Exercise details
Return exactly the lines of the records below, starting at the line that contains "Дом 173м&sup2;, 2-этажный, участок 6 сот." and ending at the line that contains "Used 2025 Chevrolet", with both of those lines kept.

Saved data entries

========================================

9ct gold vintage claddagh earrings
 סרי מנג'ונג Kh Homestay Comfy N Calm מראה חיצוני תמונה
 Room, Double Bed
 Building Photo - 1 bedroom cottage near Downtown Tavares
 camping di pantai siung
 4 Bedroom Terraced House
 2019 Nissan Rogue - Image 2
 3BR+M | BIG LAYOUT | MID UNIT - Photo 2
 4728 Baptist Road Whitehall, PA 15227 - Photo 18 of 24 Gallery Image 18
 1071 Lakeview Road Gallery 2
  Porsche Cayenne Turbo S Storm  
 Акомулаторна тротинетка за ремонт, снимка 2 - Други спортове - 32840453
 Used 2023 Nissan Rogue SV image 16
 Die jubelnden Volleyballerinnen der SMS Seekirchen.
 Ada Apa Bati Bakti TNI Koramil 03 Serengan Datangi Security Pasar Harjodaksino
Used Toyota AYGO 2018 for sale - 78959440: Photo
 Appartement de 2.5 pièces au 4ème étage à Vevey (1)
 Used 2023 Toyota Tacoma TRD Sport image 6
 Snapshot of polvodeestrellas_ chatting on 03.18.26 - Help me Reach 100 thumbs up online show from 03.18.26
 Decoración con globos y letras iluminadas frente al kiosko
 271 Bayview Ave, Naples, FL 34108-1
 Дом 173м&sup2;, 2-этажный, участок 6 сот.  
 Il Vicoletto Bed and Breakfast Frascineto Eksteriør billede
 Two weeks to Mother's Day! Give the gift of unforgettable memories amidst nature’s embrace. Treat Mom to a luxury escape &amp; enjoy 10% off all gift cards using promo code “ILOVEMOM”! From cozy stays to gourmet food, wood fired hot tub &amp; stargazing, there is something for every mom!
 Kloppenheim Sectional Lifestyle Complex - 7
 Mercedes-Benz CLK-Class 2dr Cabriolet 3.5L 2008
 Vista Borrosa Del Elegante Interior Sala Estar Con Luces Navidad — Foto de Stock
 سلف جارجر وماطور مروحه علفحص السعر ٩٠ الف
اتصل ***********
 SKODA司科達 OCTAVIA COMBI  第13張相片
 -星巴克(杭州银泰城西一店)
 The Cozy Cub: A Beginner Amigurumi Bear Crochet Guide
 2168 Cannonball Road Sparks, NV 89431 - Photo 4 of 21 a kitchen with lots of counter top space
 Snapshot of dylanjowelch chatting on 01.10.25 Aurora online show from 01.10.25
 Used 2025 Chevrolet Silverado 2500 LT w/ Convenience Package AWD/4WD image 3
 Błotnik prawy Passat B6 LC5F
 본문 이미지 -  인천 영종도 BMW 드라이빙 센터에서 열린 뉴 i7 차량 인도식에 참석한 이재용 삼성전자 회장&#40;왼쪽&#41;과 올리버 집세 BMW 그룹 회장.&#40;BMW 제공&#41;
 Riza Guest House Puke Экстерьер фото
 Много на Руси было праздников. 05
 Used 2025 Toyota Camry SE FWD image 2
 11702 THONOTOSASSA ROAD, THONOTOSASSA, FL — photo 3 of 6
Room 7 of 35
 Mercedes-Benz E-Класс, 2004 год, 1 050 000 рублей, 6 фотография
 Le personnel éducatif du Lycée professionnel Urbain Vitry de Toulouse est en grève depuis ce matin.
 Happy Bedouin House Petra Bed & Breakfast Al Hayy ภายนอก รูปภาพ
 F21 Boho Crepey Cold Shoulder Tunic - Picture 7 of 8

========================================

Solution below
 Дом 173м&sup2;, 2-этажный, участок 6 сот.  
 Il Vicoletto Bed and Breakfast Frascineto Eksteriør billede
 Two weeks to Mother's Day! Give the gift of unforgettable memories amidst nature’s embrace. Treat Mom to a luxury escape &amp; enjoy 10% off all gift cards using promo code “ILOVEMOM”! From cozy stays to gourmet food, wood fired hot tub &amp; stargazing, there is something for every mom!
 Kloppenheim Sectional Lifestyle Complex - 7
 Mercedes-Benz CLK-Class 2dr Cabriolet 3.5L 2008
 Vista Borrosa Del Elegante Interior Sala Estar Con Luces Navidad — Foto de Stock
 سلف جارجر وماطور مروحه علفحص السعر ٩٠ الف
اتصل ***********
 SKODA司科達 OCTAVIA COMBI  第13張相片
 -星巴克(杭州银泰城西一店)
 The Cozy Cub: A Beginner Amigurumi Bear Crochet Guide
 2168 Cannonball Road Sparks, NV 89431 - Photo 4 of 21 a kitchen with lots of counter top space
 Snapshot of dylanjowelch chatting on 01.10.25 Aurora online show from 01.10.25
 Used 2025 Chevrolet Silverado 2500 LT w/ Convenience Package AWD/4WD image 3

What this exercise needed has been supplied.